The first work on a non-trivial randomized algorithm in an ITP was probably Hurd’s  [109] previously-mentioned formalization of the Miller–Rabin primality test in HOL (using an infinite stream of random bits to encode the randomness). The primality tests formalized by Stüwe and Eberl  [185] are technically also randomized algorithms, but the probabilistic content is very small.

The expected running time of the coupon collector problem was treated by Kaminski et al.   [110] using their Hoare-style calculus for the pGCL language (on paper). Hölzl  [105] formalized their approach in Isabelle.

Barthe et al. analyzed several probabilistic textbook problems using a program logic called Ellora  [19], which is embedded into the EasyCrypt system  [18]:

  • expected running time of the coupon collector problem

  • tail bounds on the running time of Boolean hypercube routing

  • probability of incorrectly classifying two different polynomials as equal in probabilistic polynomial equality checking

The correctness of CLRS’s Randomize-In-Place, also known as the Fisher–Yates shuffle, was verified by Eberl [54].

The correctness and expected running time of randomized quicksort was formalized by Van der Weegen and McKinna [193] (Coq) using their “decision tree” approach mentioned earlier and by Eberl [58, 61]. Both additionally treated the case of average-case deterministic quicksort: Van der Weegen and McKinna proved that its expected running time is \(O(n \log n)\), whereas Eberl additionally proved that it has exactly the same distribution as randomized quicksort.

Eberl  [55, 61] proved that random binary search trees (BSTs into which elements are inserted in random order) have logarithmic expected height and internal path length.

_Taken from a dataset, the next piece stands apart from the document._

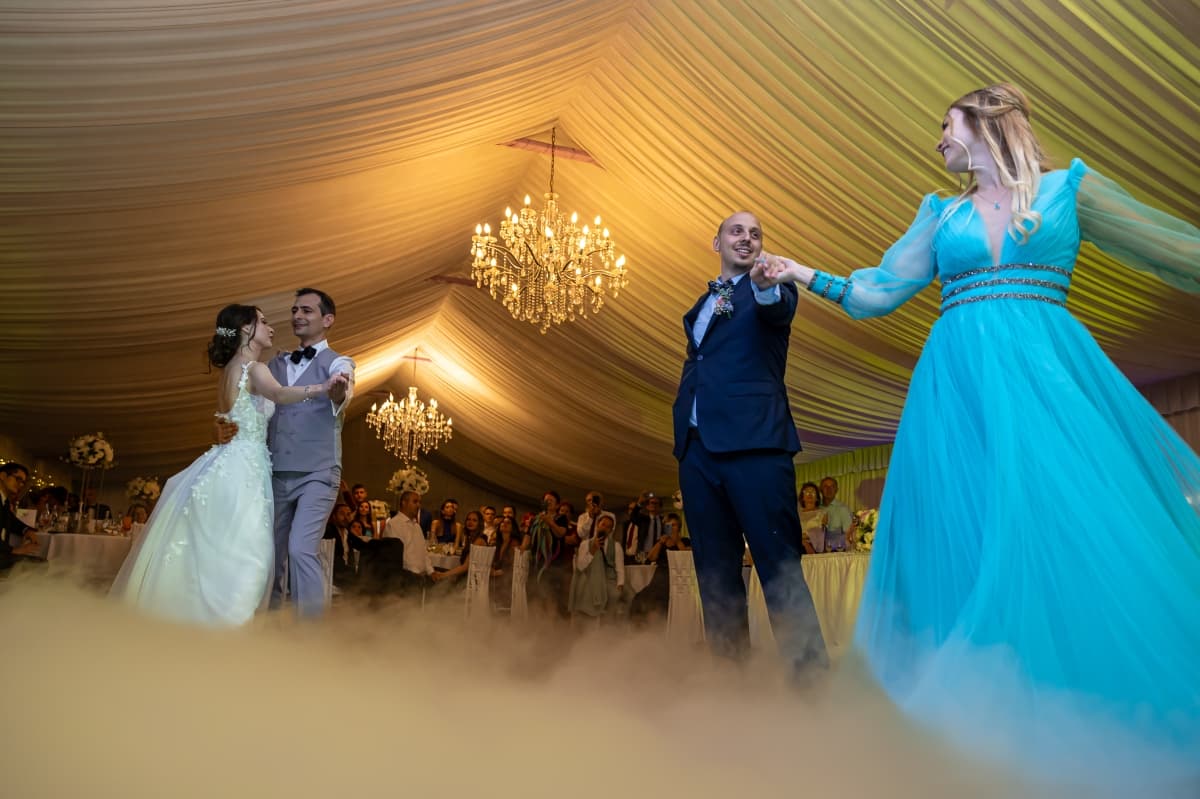 Fotografie de Dana Tudor la Iris Ballroom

He also proved that the distribution of the internal path length is precisely the same as that of the running time of randomized quicksort.

Haslbeck et al.   [61, 94] formalized randomized treaps  [178] and proved that their distribution is precisely equal to that of random BSTs, regardless of which order the elements are inserted. The analysis is particularly noteworthy because it involves continuous distributions of trees, which require a non-trivial amount of measure theory.

Haslbeck and Eberl  [93] also defined skip lists  [171] and formally analyzed two of the most algorithmically interesting questions about them, namely the expected height and the expected path length to an element.

Tassarotti and Harper  [187] developed a general cookbook-style method for proving tail bounds on probabilistic divide-and-conquer algorithms in Coq. They applied this method to the running time of randomized quicksort and the height of random BSTs. Later  [188] they used a hybrid approach that combines a program logic for a deeply embedded imperative language with high-level reasoning in Coq to analyze skip lists (restricted to two levels for simplicity).